Hi @paulrostorp, you are right. The issue is because you have removed the alpha leader.
First of all, removeNode endpoint is not specifically for the downscaling dgraph cluster. It’s meant to replace the faulty node. But with few tricks, it can be used to downscale the cluster. But we have to ensure that cluster doesn’t go into an unstable state because of loss of consensus.

So when you set up 2N+1 number of nodes in a RAFT setup, the cluster can handle N failures. So removing the first node (either Leader or follower) doesn’t have any adverse effect on cluster. But removing the second node which is the leader leads to faulty quorum and thus an unstable cluster.

@aman-bansal Is there a way to resolve the issue, or do I have to wipe the volumes and restore ? Also, shouldn’t the removeNode endpoint trigger a re-election or shouldn’t there be a way to manually trigger it ?

As @aman-bansal said, /removeNode is meant to replace unhealthy nodes. That means it’s not used to remove the current leader of the group. Doing so can make the existing members stuck trying to connect if the leader was suddenly removed and there’s no longer a majority.

The process to call /removeNode only to remove followers (leaders are presumably active and healthy) for both Dgraph Zero and Dgraph Alpha groups.

Manual recovery

If your cluster is still stuck, you can wipe the volumes and restore. Otherwise, you can undergo some manual recovery steps by keeping one of the Alpha p directories.
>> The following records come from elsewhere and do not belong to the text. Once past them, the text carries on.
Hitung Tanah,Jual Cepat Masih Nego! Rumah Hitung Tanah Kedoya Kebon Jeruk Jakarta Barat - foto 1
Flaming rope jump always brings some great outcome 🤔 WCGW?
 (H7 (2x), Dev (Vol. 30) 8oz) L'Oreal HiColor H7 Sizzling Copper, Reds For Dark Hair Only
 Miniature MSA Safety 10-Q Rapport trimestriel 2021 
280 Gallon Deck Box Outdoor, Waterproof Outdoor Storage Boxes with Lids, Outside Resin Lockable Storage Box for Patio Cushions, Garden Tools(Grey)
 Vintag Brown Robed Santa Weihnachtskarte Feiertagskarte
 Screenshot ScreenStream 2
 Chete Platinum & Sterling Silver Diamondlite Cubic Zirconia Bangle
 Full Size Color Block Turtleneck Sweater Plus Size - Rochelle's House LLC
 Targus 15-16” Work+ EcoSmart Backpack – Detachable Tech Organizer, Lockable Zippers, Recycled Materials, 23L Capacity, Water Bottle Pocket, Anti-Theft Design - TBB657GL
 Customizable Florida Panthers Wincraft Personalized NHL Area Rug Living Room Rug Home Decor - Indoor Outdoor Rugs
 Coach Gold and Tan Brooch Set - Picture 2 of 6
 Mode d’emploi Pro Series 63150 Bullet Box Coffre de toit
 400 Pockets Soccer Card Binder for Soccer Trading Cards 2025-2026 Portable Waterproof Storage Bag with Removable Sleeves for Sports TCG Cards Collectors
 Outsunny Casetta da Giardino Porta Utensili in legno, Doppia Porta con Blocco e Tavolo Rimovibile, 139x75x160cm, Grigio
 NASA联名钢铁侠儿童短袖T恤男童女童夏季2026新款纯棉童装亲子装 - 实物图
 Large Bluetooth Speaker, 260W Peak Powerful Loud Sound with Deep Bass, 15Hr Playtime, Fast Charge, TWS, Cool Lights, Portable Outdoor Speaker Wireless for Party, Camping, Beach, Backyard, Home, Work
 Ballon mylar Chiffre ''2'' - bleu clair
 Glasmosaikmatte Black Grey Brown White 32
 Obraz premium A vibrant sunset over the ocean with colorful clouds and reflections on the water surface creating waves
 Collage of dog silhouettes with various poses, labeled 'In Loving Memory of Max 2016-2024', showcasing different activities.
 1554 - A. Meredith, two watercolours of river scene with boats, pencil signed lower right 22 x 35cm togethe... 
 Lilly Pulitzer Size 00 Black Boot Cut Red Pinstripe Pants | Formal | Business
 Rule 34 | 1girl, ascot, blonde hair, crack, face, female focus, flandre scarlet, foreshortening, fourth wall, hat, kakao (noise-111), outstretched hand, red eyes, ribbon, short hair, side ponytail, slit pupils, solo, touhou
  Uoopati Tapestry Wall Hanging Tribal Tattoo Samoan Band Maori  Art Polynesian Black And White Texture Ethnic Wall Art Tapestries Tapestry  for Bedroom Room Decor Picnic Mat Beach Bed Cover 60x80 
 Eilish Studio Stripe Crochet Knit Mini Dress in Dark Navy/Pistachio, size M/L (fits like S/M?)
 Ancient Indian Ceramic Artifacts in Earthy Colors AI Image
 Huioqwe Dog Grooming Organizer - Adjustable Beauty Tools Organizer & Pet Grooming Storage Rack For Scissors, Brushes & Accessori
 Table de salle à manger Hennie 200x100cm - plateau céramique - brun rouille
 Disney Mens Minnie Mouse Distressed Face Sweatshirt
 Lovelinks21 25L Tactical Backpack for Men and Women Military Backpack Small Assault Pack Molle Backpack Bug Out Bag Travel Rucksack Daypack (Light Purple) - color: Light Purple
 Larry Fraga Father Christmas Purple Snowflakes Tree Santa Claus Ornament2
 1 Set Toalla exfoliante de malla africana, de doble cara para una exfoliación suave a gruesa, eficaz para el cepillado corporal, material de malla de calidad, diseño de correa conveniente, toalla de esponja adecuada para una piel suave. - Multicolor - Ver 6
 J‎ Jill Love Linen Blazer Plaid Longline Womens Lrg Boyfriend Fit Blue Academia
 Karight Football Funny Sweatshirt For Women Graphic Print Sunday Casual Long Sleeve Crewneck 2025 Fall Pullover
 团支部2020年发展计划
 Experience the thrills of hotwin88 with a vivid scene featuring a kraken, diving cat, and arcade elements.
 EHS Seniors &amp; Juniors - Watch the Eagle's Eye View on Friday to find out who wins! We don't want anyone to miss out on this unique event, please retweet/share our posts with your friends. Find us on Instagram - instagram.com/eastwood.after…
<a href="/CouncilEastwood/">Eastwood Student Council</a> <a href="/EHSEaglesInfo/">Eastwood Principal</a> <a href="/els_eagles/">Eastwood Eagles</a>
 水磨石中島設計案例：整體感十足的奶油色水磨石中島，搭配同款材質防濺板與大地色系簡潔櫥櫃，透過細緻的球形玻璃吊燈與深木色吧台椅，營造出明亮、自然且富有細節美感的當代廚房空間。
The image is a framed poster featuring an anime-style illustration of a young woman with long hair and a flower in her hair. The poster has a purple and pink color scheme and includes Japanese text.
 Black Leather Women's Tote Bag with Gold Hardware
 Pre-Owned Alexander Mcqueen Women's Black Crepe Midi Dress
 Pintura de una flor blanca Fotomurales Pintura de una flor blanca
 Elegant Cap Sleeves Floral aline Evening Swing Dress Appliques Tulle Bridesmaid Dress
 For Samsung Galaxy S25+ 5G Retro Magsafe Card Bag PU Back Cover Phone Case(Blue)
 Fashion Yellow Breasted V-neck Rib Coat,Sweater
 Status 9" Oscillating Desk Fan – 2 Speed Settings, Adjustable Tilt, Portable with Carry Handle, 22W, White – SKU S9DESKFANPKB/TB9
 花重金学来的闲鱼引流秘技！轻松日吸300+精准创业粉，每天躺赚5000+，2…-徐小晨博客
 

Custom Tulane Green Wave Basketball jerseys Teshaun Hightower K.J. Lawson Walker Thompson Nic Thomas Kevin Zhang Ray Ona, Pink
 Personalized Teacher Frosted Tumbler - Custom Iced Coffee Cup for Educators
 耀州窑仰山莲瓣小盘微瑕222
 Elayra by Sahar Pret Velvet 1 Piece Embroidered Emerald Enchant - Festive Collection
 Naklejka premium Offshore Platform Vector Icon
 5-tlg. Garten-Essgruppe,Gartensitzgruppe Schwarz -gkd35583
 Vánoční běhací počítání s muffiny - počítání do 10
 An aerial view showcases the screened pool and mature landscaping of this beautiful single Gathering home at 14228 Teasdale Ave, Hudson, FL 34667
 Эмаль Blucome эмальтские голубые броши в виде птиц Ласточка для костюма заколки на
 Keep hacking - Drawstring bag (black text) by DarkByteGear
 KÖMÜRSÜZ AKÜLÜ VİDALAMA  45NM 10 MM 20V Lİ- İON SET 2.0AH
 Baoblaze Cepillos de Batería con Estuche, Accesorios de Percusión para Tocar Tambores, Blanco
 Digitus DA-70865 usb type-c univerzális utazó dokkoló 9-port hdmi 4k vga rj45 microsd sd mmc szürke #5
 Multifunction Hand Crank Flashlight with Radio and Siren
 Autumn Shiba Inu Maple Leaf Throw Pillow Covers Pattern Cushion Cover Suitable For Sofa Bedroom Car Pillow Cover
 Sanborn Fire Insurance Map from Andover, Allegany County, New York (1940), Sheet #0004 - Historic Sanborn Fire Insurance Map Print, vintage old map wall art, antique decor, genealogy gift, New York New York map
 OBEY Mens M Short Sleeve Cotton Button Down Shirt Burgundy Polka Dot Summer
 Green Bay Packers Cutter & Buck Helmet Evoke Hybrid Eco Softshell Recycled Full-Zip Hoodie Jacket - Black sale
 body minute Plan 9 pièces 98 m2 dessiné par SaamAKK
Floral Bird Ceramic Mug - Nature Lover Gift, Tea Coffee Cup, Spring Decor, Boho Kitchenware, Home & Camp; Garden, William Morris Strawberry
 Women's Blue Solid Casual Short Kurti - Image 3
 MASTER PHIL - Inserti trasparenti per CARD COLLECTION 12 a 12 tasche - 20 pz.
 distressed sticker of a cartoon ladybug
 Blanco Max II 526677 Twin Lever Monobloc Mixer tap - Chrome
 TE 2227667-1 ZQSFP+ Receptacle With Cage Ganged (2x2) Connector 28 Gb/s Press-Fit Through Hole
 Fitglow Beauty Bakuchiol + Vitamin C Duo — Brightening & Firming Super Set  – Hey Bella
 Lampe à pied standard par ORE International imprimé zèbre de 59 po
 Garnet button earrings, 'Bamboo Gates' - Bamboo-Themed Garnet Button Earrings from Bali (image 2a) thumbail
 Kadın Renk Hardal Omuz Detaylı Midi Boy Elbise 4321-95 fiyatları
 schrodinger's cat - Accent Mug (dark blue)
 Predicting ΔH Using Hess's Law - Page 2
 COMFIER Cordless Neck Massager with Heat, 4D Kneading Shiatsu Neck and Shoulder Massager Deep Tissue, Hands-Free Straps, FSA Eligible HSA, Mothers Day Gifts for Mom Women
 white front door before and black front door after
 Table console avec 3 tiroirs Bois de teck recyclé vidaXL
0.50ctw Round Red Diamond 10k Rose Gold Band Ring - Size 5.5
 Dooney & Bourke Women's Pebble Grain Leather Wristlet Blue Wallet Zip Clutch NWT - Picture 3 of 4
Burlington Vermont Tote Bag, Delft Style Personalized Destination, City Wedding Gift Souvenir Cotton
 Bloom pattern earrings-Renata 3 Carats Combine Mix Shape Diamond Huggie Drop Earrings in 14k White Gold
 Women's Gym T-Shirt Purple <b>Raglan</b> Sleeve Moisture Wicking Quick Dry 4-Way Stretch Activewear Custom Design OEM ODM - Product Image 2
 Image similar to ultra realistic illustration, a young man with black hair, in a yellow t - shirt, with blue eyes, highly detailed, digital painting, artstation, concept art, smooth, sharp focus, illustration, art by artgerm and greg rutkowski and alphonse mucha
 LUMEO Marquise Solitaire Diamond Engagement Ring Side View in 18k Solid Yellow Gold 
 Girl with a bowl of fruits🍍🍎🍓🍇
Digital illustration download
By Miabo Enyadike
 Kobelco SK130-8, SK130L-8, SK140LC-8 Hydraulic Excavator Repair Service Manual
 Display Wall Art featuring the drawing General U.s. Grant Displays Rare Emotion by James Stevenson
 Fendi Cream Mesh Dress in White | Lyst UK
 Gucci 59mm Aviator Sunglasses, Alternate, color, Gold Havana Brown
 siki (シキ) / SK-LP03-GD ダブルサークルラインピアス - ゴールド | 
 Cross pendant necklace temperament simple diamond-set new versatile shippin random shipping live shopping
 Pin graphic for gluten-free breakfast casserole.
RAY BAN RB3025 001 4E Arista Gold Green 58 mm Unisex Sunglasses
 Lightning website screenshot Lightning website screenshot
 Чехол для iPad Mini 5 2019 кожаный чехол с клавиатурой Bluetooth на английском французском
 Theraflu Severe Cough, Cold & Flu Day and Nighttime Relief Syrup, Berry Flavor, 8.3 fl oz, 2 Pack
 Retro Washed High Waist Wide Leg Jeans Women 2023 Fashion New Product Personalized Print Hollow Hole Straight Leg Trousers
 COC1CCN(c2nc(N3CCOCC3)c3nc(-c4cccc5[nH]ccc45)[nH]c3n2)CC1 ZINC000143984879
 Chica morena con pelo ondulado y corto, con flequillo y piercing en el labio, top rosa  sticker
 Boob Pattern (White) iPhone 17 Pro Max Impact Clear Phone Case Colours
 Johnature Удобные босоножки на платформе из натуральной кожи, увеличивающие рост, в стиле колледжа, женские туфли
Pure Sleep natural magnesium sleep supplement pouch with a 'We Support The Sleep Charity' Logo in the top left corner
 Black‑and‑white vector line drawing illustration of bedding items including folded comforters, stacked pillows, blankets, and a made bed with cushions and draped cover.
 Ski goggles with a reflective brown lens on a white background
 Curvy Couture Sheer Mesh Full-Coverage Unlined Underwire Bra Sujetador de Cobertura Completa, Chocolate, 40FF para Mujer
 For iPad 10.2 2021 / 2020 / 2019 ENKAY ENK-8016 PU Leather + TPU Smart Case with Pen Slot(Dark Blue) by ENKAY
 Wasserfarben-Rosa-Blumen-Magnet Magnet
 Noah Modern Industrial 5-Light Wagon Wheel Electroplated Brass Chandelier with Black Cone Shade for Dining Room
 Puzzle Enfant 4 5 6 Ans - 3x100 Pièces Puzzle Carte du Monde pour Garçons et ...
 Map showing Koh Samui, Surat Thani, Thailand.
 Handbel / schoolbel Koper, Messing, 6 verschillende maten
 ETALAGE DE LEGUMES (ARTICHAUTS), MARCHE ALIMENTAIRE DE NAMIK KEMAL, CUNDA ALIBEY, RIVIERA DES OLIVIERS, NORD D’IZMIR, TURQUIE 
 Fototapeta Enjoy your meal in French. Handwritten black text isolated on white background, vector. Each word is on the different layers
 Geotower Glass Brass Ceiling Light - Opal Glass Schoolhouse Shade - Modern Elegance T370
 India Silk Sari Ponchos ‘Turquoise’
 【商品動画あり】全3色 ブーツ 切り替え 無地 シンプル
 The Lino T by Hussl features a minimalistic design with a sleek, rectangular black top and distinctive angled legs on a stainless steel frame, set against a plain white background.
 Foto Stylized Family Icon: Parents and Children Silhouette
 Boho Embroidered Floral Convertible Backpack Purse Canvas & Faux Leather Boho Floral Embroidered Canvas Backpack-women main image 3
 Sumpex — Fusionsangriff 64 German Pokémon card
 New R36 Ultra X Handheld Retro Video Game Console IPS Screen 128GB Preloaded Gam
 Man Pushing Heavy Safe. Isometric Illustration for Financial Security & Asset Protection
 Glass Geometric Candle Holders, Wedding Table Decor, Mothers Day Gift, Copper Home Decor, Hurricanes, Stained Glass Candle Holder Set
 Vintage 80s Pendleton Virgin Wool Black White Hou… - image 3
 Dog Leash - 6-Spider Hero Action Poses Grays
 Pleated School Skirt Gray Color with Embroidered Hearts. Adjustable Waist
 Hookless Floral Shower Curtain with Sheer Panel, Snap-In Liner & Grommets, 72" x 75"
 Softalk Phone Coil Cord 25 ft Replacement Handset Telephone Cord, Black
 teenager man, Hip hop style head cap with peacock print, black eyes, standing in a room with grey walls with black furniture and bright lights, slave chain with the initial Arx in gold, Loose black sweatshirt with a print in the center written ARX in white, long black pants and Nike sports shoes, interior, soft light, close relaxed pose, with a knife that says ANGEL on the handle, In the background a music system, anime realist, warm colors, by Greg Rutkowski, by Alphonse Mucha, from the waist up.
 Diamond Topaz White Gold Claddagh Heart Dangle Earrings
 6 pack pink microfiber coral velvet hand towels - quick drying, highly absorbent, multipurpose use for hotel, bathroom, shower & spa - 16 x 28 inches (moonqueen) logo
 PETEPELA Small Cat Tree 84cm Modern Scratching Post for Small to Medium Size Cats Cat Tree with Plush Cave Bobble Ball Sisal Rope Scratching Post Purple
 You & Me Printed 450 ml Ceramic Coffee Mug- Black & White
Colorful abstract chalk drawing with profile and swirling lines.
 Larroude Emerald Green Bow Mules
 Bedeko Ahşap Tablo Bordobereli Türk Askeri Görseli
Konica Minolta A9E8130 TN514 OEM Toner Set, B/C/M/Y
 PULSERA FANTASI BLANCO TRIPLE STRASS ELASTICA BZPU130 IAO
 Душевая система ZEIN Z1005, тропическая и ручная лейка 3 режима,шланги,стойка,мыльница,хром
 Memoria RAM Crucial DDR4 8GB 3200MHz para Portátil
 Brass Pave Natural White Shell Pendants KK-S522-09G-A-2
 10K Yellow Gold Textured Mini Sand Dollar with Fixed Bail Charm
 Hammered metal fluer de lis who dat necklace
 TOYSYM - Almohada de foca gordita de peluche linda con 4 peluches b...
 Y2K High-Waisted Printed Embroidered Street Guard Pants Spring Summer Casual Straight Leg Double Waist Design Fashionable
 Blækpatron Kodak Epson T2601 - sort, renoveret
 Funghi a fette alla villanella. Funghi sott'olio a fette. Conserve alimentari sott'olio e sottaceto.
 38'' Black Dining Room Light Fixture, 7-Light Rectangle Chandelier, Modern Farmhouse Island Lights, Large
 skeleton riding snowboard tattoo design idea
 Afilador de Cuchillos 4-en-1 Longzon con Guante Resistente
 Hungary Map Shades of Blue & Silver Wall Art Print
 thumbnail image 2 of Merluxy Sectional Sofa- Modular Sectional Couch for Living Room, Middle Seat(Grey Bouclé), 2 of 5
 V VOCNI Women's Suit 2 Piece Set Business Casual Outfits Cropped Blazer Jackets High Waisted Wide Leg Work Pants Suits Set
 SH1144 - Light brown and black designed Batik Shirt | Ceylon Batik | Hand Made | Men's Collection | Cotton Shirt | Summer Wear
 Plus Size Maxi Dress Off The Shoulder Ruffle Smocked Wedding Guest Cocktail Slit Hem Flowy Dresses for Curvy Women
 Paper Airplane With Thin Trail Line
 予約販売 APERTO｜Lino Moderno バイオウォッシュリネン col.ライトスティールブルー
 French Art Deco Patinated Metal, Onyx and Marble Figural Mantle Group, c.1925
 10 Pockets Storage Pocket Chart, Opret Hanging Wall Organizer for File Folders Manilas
  1. Check /state for the maxLeaseId and maxTxnTs information (see docs about /state).
  2. Keep a p directory around and remove other volumes.
  3. Start the Zeros.
    • Call /assign?what=uids&num=N where num is set to the value for maxLeaseId from step 1. This sets the UID lease for blank UID assignment.
    • Call /assign?what=timestamps&num=N where num is set to the value for maxTxnTs from step 1. This sets the latest txn timestamp.
  4. Copy the p directory to the respective Alpha volumes.
  5. Start the Alphas.

This is similar to the steps for bulk loading where bulk loader outputs p directory that you can then copy to the Alpha instances (step 4).

3 Likes

Thanks @dmai, this is very useful information.